We are soliciting feedback now on these prototypes, so that we can then proceed to pilot implementations of some of them in the courts. Let us know what you think!
Today we held our Prototyping Access to Justice class on-site at San Mateo County court house, specifically in and around the Self-Help Center and Family Law Facilitator.
The six student teams are all at the point where they have working prototypes that they want to test. They each have hypotheses about how they can make the legal system better for people without lawyers, and have embodied these hypotheses into a new tool — digital- or paper-based.
Instead of our usual class setting at a design studio at Stanford’s d.school, we created an impromptu class space in the Waiting Area on the 2nd floor of the Superior Court, where people are lining up to see people at the Self- Help Center, or are waiting to be called for an appointment. Some of the teams also set up testing spaces inside the Self Help Center, for when people had down-time after they had filled in forms or were waiting for next-steps.

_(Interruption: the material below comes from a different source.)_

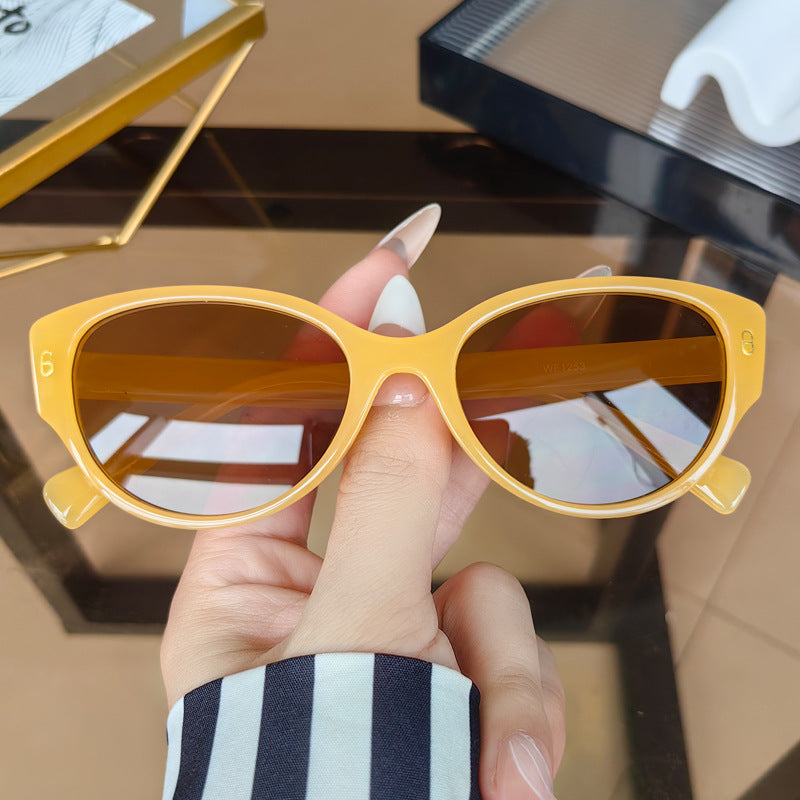 Dame Cat-Eye Solbrille med moderne plastikkramme Luvikno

The teams sought out people to give quick feedback, as well as longer experiential testing. They had interactive click-through prototypes of digital tools, paper mockups of new tools, posters and floor pathways for navigation, and tablets with new feedback forms. They had gift cards to give to user testers, to compensate for their time.
They tested their prototypes in small groups — with some taking notes (or translating into Spanish) and others leading the questions. They also had designer and developer coaches with them, to help them spot new opportunities and to run the testings.

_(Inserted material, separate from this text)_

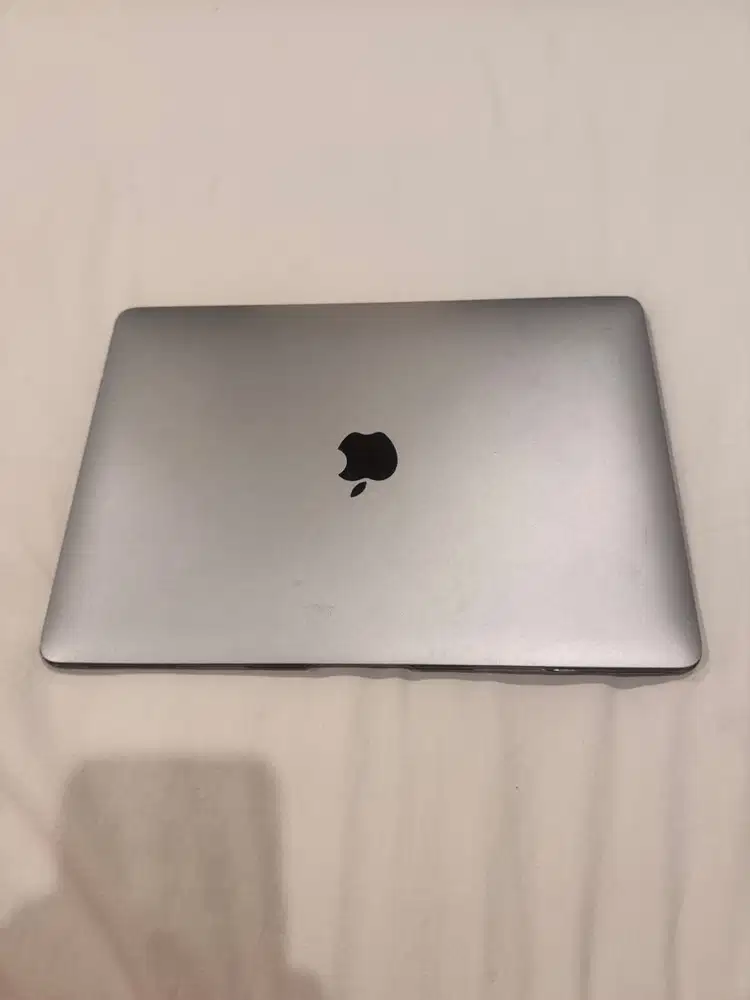 MacBook Air 2020 Intel i3 8GB – Normal – Siap Pakai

So what were the takeaways? I was able to pull out some high-level insights during my debriefs with each team, as well as some specific points for improvement.
1. The forms are too many and too complex. This was a refrain that each team heard from users, no matter if their questions and prototype revolved around forms or not. If there is one big message that family law litigants have for courts, it is: make your forms easier to understand, and easier to complete.
There is an overload of paperwork, that is laid out in a way that does not make sense to people, and overwhelms them.
2. Little things about court — like parking, way finding, and security checks — have a big influence on people’s experience. Though we as lawyers might think about the legal procedure, forms, and hearings as the main determinants of people’s procedural justice and sense of fairness about court, there are other more pedestrian factors that shape their time with the legal system. If parking is difficult, expensive, or with a ticking timer, this puts an extra layer of pressure and confusion. If the security guards doing initial checks at the door are adversarial or cold, this raises the stress level of people and sets them off on a bad foot. If there is confusion about where they are going or how to get there, people lose confidence in themselves and feel that they are wasting time and not being strategic.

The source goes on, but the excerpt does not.